ANCONA - Nella bolgia di Torrette vincono i furbetti e finiscono all’inferno i dipendenti, che rischiano procedimenti disciplinari per colpa della carenza di parcheggi ma, soprattutto, per chi li occupa abusivamente. I preavvisi di accertata violazione ondeggiano come cartellini gialli sul parabrezza delle auto munite di pass ma posteggiate fuori dalle strisce, sia pure di pochi centimetri. 

 

 
«Sanzioni non sono mai state adottate, ma diversi procedimenti disciplinari sono stati aperti per violazione del regolamento aziendale sulla sosta - dice Raffaele Miscio, responsabile territoriale di Fp Cisl -. Le regole vanno rispettate, ma da parte di tutti. Piuttosto che accanirsi contro chi ha un regolare permesso, l’azienda dovrebbe verificare e punire chi entra senza pass. I furbi sono a decine. Abbiamo perfino fotografato nel parcheggio dei dipendenti un’auto con il parasole: considerando che piove da giorni, chissà da quanto tempo sta ferma lì». I sindacati puntano il dito contro la carenza di controlli che favorirebbe la sosta abusiva. Ma è solo un tassello in un mosaico di criticità che ogni giorno si vive all’interno della cittadella sanitaria di Torrette. La situazione, già di per sé caotica, è drasticamente peggiorata da quando s è messo in moto il maxi cantiere per la realizzazione del nuovo plesso destinato ad ospitare il polo pediatrico: gli spazi per le auto sono stati progressivamente erosi dalle ruspe in azione e, di conseguenza, si è ridotta l’offerta di posti non tanto per gli utenti e i pazienti, ma per chi va all’ospedale per lavorare e, ogni giorno, si vede costretto a intraprendere una disperata ed estenuante caccia al parcheggio. Agli Ospedali Riuniti, dopo l’ennesima segnalazione, hanno deciso di correre ai ripari: domani si terrà un vertice aziendale per affrontare il tema e assumere una serie di iniziative. 
«Si tratta di un problema storico, acuito dai cantieri in corso che coesistono e, una volta terminati, miglioreranno la qualità del servizio - spiega il direttore amministrativo, Antonello Maraldo -. Non possiamo fare miracoli, ma abbiamo delle idee da applicare nel breve, medio e lungo termine, fermo restando che le soluzioni vanno anche cercate altrove, nei parcheggi comunali e nel potenziamento del trasporto pubblico». L’ipotesi del parcheggio multipiano è finita in freezer: l’ultimo project financing è stato analizzato dettagliatamente, «ma non aveva caratteristiche giuridiche ed economiche compatibili con la nostra situazione e rispondenti all’interesse pubblico», sottolinea Maraldo. Ma servono soluzioni immediate: più controlli agli ingressi, per dirne una. La chiusura delle sbarre davanti al Pronto soccorso.

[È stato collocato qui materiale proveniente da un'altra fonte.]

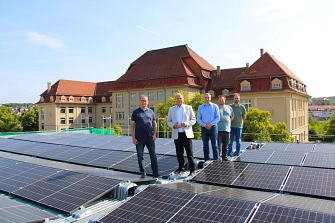 Fertigstellung Solaranlage IGS&nbsp;&copy;&nbsp;Landkreis Helmstedt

O ancora, l’installazione di telecamere intelligenti, in grado di leggere le targhe: forse è questo il deterrente più efficace per contrastare l’azione dei furbetti che si esibiscono in manovre da ritiro della patente: c’è chi, sprovvisto di badge, entra contromano nel parcheggio dei dipendenti (lato via Tronto) e chi si mette in fila dietro agli altri automobilisti regolari, sgasando nel tentativo di passare prima che la sbarra di abbassi. Con la stessa tecnica molti riescono ad intrufolarsi indebitamente anche nel parcheggio della Facoltà di Medicina, nonostante la presenza di una doppia sbarra. Il tetris delle auto posteggiate ovunque, a ridosso dei muretti, sulle strisce pedonali davanti all’ingresso principale dell’ospedale o lungo le corsie riservate, finisce per ostacolare il servizio di soccorso e intrappolare le ambulanze, già costrette a passare sul marciapiede per via del restringimento della carreggiata interna dovuta alla presenza del cantiere: un rischio anche per i pedoni più distratti, che non si servono dell’apposito percorso in sicurezza allestito ad hoc. La minaccia peggiore, tuttavia, è all’esterno, in via Conca, dove i lavori per il nuovo sovrappasso non sono ancora cominciati e il semaforo a chiamata continua a rappresentare un pericolo per i pedoni e un intralcio al traffico, con lunghe code dovute anche al fatto che una delle due corsie a scendere, causa lavori, è riservata ai mezzi in uscita dall’ospedale.